* _Your objective_: With the pictures omitted, repeat exactly the lines below starting with the line that has "Shamrock Thistle & Crown B&B - image 4" and going on through the line that has "Colonata (Carrara), Italy, the".

== Given information

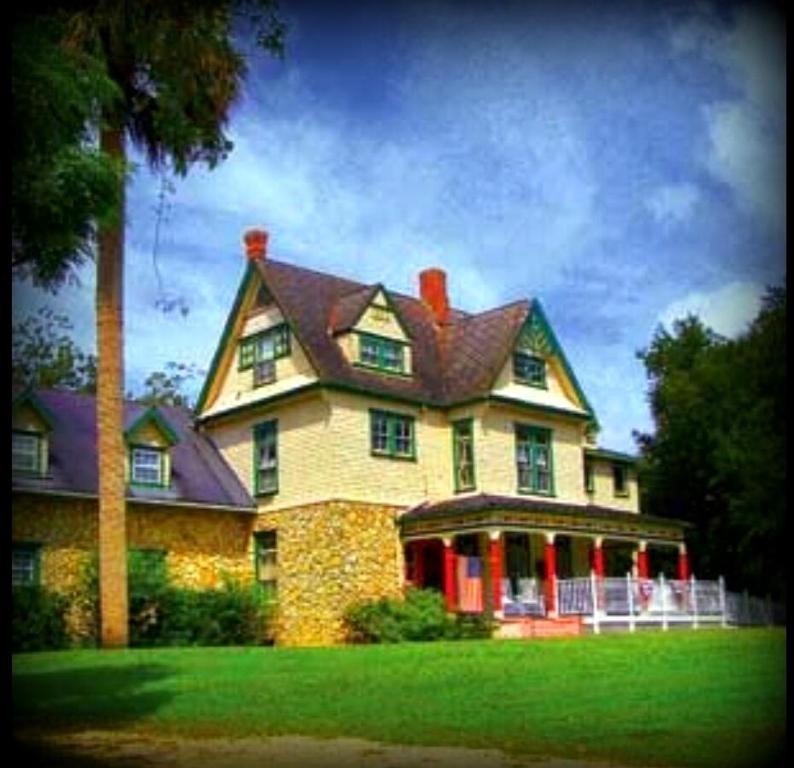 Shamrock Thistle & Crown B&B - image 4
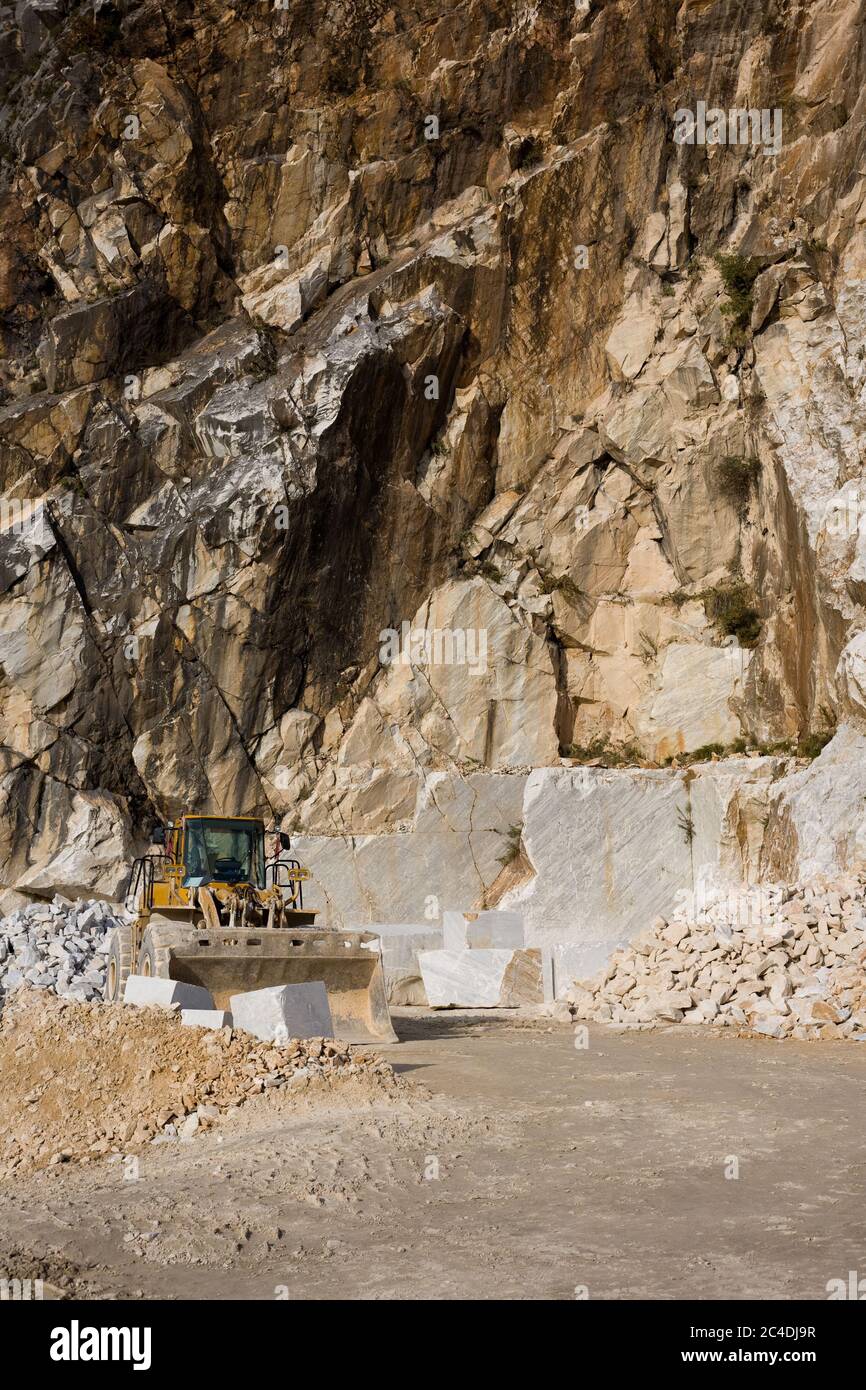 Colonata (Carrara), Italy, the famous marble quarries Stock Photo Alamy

====
== Given information

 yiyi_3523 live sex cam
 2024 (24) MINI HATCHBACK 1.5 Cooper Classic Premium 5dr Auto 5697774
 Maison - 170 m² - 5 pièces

====

* _Written solution_:
 Shamrock Thistle & Crown B&B - image 4
 Colonata (Carrara), Italy, the famous marble quarries Stock Photo Alamy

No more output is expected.